Murthy writes about the good news of finding creative solutions to live more connected lives. And I can’t help but think of those nascent Jesus groups of the 1st century meeting in hired room to break bread together, to socialise, support, listen, care, and remember the wisdom and courage of kindness towards all. They met to survive the brutality of their lives, the prejudices, the injustices, and the isolation.
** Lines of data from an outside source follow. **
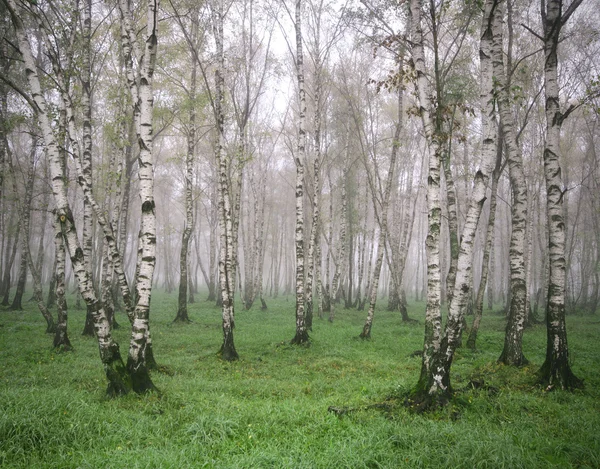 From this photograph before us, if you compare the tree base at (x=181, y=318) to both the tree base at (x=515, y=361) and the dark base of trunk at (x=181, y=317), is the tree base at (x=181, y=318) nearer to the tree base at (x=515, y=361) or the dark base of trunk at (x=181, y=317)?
the dark base of trunk at (x=181, y=317)

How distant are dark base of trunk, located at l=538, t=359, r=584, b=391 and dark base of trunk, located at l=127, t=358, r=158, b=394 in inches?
309

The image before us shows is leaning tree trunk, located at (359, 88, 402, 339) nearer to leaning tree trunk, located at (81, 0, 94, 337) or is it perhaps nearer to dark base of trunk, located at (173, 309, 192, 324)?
dark base of trunk, located at (173, 309, 192, 324)

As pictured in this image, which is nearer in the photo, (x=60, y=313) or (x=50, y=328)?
(x=60, y=313)

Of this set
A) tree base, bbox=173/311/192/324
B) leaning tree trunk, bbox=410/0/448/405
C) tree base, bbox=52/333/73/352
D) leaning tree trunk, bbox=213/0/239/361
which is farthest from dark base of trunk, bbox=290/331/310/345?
tree base, bbox=52/333/73/352

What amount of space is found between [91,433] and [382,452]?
13.2 ft

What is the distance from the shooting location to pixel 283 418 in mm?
5520

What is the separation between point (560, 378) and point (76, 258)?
9.93 meters

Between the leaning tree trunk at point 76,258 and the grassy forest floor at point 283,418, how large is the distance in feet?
1.59

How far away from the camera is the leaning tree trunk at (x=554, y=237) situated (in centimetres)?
705

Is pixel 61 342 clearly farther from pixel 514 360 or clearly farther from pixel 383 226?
pixel 514 360

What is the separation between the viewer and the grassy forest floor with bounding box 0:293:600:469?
4.28m

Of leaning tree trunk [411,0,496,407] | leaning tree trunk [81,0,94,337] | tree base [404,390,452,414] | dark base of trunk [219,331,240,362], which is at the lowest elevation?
dark base of trunk [219,331,240,362]

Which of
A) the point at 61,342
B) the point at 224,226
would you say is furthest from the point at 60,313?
the point at 224,226

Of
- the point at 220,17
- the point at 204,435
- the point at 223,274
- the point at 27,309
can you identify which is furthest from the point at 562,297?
the point at 27,309
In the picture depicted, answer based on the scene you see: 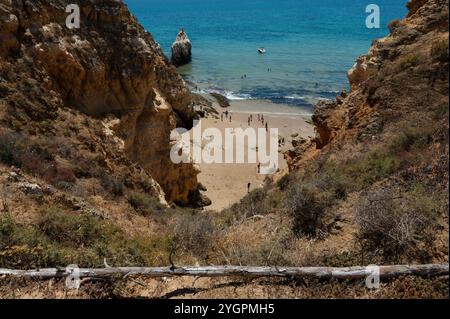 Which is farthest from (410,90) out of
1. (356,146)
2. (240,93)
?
(240,93)

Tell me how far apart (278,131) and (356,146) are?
916 inches

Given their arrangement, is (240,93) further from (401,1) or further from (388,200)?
(401,1)

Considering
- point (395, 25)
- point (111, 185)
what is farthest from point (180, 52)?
point (111, 185)

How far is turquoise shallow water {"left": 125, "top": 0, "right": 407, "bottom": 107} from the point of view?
171ft

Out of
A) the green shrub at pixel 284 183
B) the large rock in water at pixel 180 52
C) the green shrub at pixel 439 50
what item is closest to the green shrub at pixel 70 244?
the green shrub at pixel 284 183

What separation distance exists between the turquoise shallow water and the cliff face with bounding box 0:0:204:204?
28272 millimetres

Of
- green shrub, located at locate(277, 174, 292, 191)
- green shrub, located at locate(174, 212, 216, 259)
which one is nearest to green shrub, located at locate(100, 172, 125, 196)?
green shrub, located at locate(174, 212, 216, 259)

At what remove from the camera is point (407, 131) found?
1049 centimetres

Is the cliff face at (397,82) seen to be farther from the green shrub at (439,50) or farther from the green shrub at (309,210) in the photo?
the green shrub at (309,210)

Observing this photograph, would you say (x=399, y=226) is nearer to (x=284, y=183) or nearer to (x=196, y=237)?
(x=196, y=237)

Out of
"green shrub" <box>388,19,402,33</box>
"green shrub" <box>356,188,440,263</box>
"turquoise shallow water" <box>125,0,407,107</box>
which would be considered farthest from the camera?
"turquoise shallow water" <box>125,0,407,107</box>

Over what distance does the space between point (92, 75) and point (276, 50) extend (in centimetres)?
6350

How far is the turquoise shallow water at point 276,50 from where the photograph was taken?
171 feet

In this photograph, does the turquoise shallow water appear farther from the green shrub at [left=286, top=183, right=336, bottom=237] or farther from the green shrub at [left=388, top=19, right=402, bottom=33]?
the green shrub at [left=286, top=183, right=336, bottom=237] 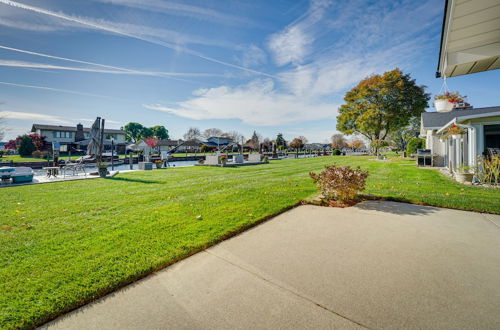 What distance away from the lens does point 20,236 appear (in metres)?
3.67

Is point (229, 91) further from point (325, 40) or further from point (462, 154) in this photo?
point (462, 154)

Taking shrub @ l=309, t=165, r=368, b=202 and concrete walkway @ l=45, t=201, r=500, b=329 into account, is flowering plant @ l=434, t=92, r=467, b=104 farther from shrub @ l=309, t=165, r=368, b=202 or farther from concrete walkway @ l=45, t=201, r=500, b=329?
concrete walkway @ l=45, t=201, r=500, b=329

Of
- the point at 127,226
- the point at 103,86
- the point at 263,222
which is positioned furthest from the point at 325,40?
the point at 103,86

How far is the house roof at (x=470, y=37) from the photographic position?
95.5 inches

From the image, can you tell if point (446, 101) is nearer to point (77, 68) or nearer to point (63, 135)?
point (77, 68)

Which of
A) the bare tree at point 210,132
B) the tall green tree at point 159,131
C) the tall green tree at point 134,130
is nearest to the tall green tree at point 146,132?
the tall green tree at point 134,130

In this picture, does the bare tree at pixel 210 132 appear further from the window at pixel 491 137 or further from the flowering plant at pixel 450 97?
the flowering plant at pixel 450 97

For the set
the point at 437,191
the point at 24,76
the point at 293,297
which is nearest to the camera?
the point at 293,297

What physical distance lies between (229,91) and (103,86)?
12.6 metres

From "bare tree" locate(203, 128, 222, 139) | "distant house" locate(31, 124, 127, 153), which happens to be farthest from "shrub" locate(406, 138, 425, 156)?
"bare tree" locate(203, 128, 222, 139)

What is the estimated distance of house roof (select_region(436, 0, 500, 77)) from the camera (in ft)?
7.96

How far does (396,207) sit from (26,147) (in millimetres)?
47600

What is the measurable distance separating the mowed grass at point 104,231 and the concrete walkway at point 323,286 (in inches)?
11.9

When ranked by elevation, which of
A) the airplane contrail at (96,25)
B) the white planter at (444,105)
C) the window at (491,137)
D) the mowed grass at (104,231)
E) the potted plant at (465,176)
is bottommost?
the mowed grass at (104,231) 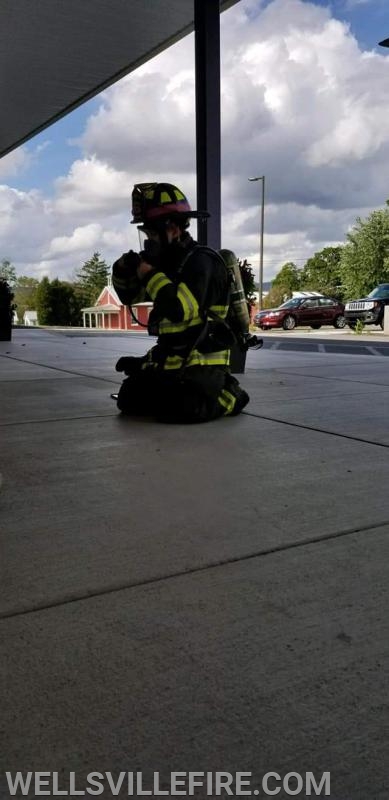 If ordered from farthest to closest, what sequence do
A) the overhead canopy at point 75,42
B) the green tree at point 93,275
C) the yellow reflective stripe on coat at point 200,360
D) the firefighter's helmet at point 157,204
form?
the green tree at point 93,275
the overhead canopy at point 75,42
the yellow reflective stripe on coat at point 200,360
the firefighter's helmet at point 157,204

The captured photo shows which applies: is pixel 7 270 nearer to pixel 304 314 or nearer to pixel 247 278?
pixel 304 314

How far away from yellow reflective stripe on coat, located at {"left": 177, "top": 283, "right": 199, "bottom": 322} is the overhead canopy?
5.97m

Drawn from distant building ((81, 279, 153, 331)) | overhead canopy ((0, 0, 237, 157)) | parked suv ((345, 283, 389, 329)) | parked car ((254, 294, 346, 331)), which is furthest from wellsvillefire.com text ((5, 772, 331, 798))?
distant building ((81, 279, 153, 331))

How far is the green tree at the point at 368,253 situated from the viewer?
46.1m

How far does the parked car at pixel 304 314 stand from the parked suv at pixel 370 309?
11.3 feet

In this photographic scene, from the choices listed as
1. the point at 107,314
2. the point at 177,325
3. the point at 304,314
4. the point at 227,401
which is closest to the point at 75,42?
the point at 177,325

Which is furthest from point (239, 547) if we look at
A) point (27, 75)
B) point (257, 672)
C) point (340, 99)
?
point (340, 99)

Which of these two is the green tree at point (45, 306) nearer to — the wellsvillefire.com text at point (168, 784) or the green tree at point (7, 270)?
the green tree at point (7, 270)

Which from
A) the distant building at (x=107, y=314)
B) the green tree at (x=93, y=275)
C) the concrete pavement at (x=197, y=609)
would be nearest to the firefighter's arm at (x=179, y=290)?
the concrete pavement at (x=197, y=609)

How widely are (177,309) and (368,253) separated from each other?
4512 centimetres

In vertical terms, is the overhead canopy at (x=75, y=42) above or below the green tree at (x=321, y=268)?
below

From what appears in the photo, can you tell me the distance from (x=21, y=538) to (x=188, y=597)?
0.75 metres

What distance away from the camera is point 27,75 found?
11.9 m

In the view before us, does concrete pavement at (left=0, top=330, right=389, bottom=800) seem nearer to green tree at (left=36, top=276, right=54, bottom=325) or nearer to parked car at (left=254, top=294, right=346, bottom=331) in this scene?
parked car at (left=254, top=294, right=346, bottom=331) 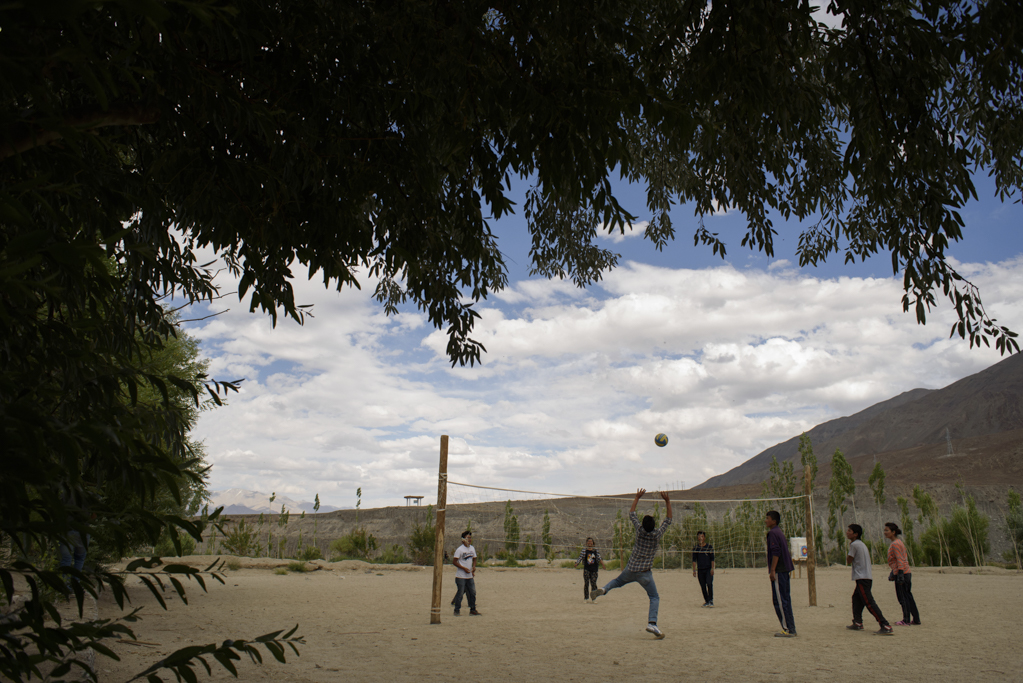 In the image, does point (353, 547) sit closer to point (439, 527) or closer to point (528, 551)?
point (528, 551)

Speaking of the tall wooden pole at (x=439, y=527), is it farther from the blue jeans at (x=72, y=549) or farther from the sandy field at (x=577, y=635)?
the blue jeans at (x=72, y=549)

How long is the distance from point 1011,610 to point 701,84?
12120 mm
And I can’t help but think that this story of Jesus and the Samaritan woman arose out of the context of those times of breaking bread – a story to encourage us to help quench the thirst of each other’s loneliness, and to be brave enough to step round or over the conventions or laws keeping races, genders, religions, and classes separate in order to talk with and to draw water for each other.
And I can’t help but think that this is real purpose of Christian communities today: to break the bread of friendship with each other, and to quench the thirst of loneliness.
Think of a time in your life when you felt deeply lonely, and what others said or did that you found really helpful?